• [Problem to solve] Below are records; the lines starting at the one with "Gambar KUNCI TORSI" and ending at the one with "T By Alexander" must be reproduced exactly, both included. Pictures must not appear.

• [Data to examine]
---------------
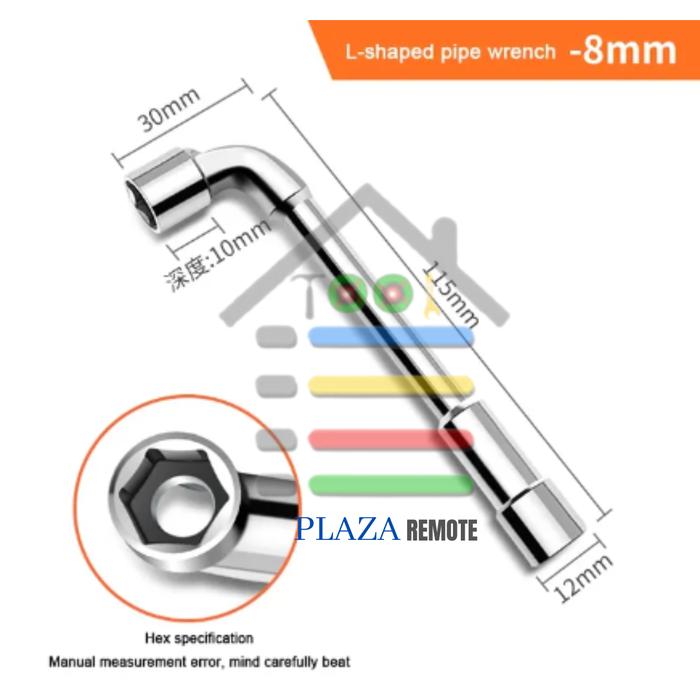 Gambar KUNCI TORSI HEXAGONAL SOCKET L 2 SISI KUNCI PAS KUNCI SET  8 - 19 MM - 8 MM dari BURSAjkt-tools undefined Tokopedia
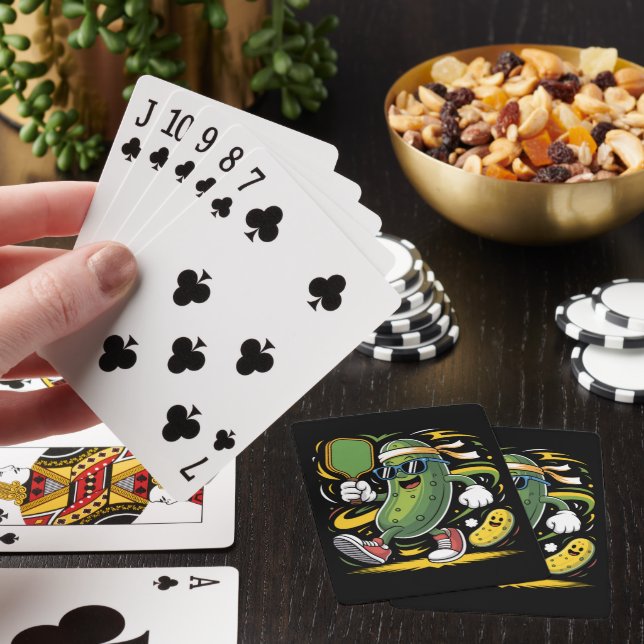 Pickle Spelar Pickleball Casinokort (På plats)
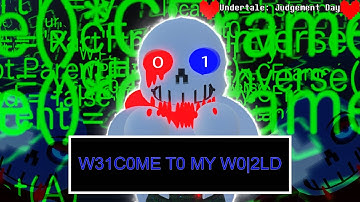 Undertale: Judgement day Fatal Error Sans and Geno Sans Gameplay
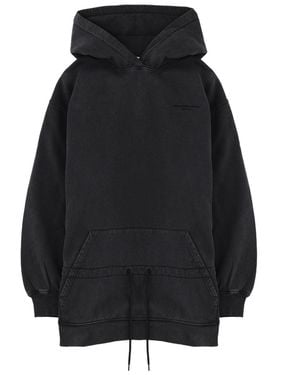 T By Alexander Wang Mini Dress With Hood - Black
---------------
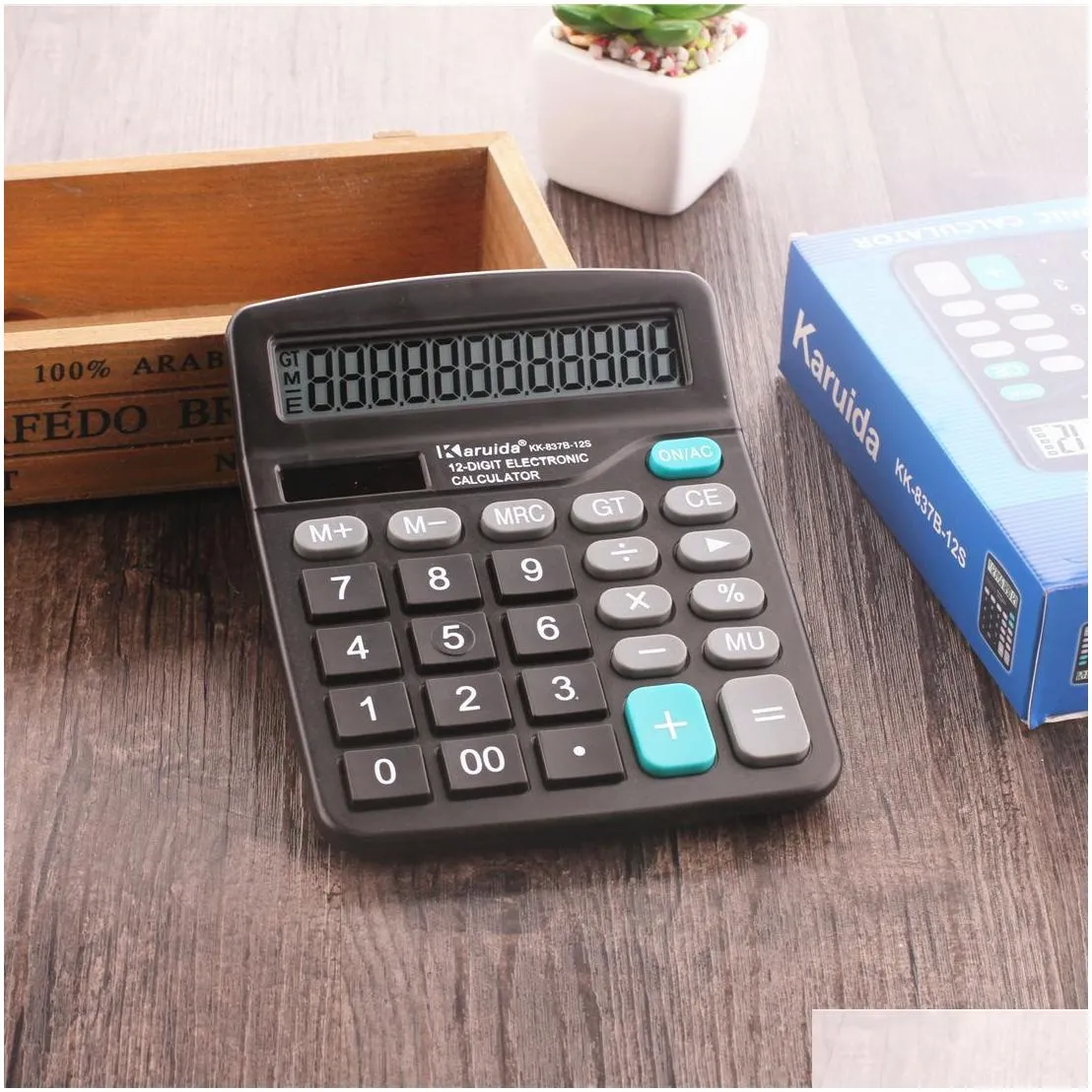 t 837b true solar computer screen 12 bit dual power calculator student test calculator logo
---------------
• [Problem solution]
 Gambar KUNCI TORSI HEXAGONAL SOCKET L 2 SISI KUNCI PAS KUNCI SET  8 - 19 MM - 8 MM dari BURSAjkt-tools undefined Tokopedia
 Pickle Spelar Pickleball Casinokort (På plats)
 Undertale: Judgement day Fatal Error Sans and Geno Sans Gameplay
 T By Alexander Wang Mini Dress With Hood - Black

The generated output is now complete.